Data shown >>

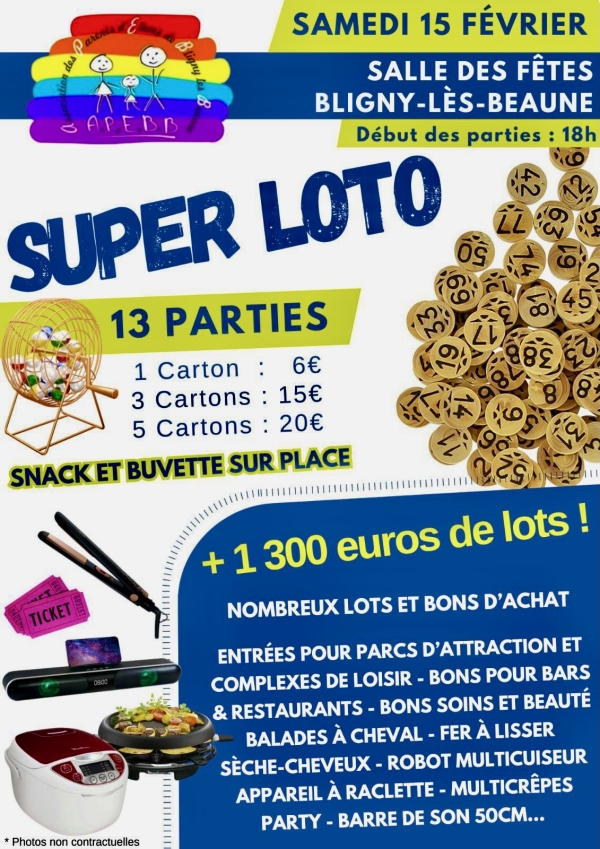 Bligny-lès-Beaune - Grand loto de l’APEBB : une soirée conviviale et de nombreux lots à gagner le samedi 15 février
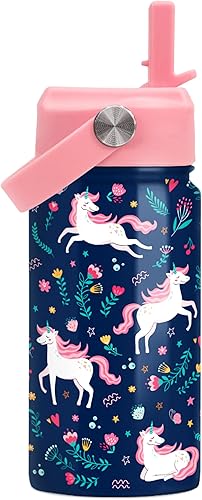 Miniatura 13 de SANDJEST Botella de agua para niños con tapa con pajilla, paquete de 2 botellas de agua aisladas de acero inoxidable de 12 onzas para niñas, taza de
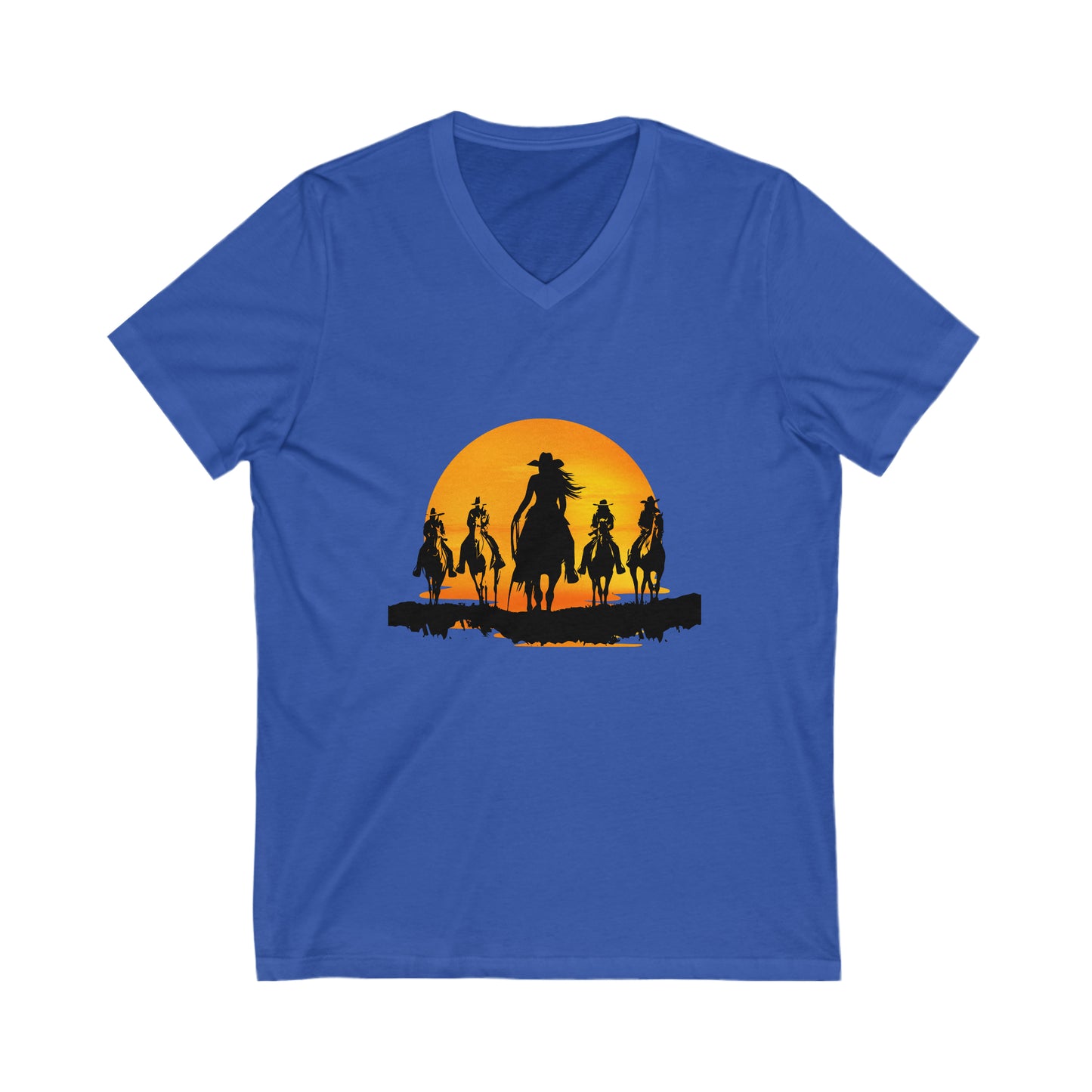 Ladies cowgirls in the sunset - Unisex Jersey Short Sleeve V-Neck Tee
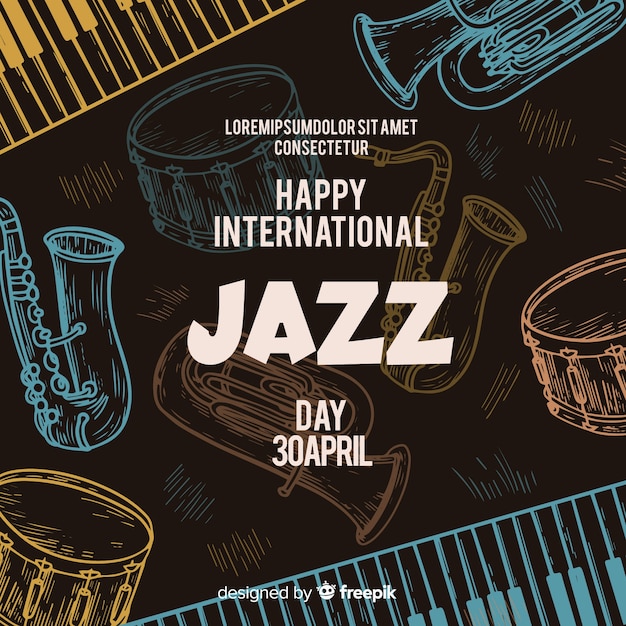 Priorità bassa di giorno di jazz internazionale disegnato a mano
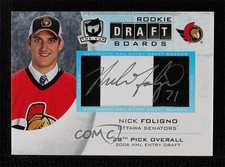 2008-09 Upper Deck The Cup Rookie Draft Boards /25 Nick Foligno #DB-FO Auto 0ll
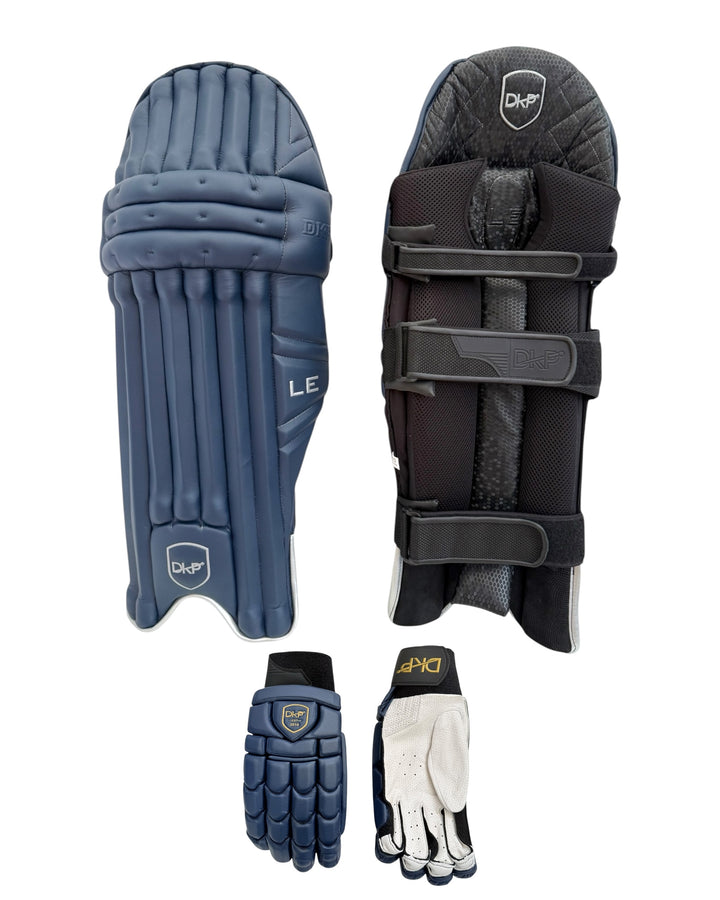 DKP Players Navy Cricket Batting Pads and Gloves Bundle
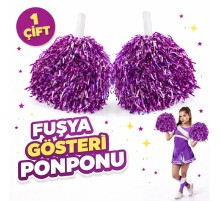 1 Çift ( 2 Adet ) Fuşya Renk 23 Nisan 19 Mayıs 29 Ekim Okul Gösteri Ponponları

Exercise requirements >>
What is needed is an exact printout of all the entries, without the pictures.

Task response >>
 Bligny-lès-Beaune - Grand loto de l’APEBB : une soirée conviviale et de nombreux lots à gagner le samedi 15 février
 Miniatura 13 de SANDJEST Botella de agua para niños con tapa con pajilla, paquete de 2 botellas de agua aisladas de acero inoxidable de 12 onzas para niñas, taza de
 Ladies cowgirls in the sunset - Unisex Jersey Short Sleeve V-Neck Tee
 Priorità bassa di giorno di jazz internazionale disegnato a mano
 2008-09 Upper Deck The Cup Rookie Draft Boards /25 Nick Foligno #DB-FO Auto 0ll
 DKP Players Navy Cricket Batting Pads and Gloves Bundle
 1 Çift ( 2 Adet ) Fuşya Renk 23 Nisan 19 Mayıs 29 Ekim Okul Gösteri Ponponları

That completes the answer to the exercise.